L'esprit d'un dictateur

Au cours des 18 dernières années, j'ai étudié l'activité cérébrale, la psychologie et la génétique des patients psychiatriques et les scintigraphies cérébrales de tueurs en série psychopathes. Il y a quelques mois, j'ai été approché par une organisation de défense des droits de l'homme sans but lucratif pour faire une présentation sur l'esprit d'un dictateur – une question particulièrement intéressante à la lumière des récents soulèvements contre les autocrates au Moyen-Orient et en Afrique du Nord. Après avoir étudié la littérature sur les pires dictateurs du monde et l'avoir combinée à mes recherches en neurosciences et à celles d'autres psychopathes, j'ai présenté ma théorie en mai au Oslo Freedom Forum, une conférence annuelle de la Fondation des droits de l'homme. L'article suivant est basé sur mon discours, une tentative de regarder dans l'esprit de ces acteurs mondiaux insaisissables et puissants.

Alors, qu'est-ce qui lie les dictateurs à travers l'histoire et la géographie? Quels traits partagent-ils?

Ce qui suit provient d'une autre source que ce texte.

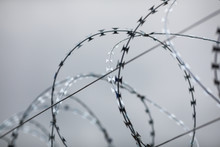 Shallow Depth Of Field (selective Focus) And Filtered Image With A Razor Wire On The Outside Wall Of A Governmental Institution On A Cloudy Day.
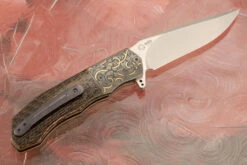 L44 Compact Flipper With Bronze Wire Carbon Fiber And Engraved Zirconium (Ceramic IKBS) - CTS-XHP -Optimal Knives Store 105074 5 x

Pour commencer, examinons les caractéristiques générales des psychopathes. Ils sont généralement charmants, charismatiques et intelligents. Ils regorgent de confiance en soi et d'indépendance, et dégagent une énergie sexuelle. Ils sont également extrêmement absorbés, menteurs magistraux, sans pitié, souvent sadiques, et possèdent un appétit sans bornes pour le pouvoir. Ce ne sont que quelques-uns des traits de caractère présents chez un véritable psychopathe.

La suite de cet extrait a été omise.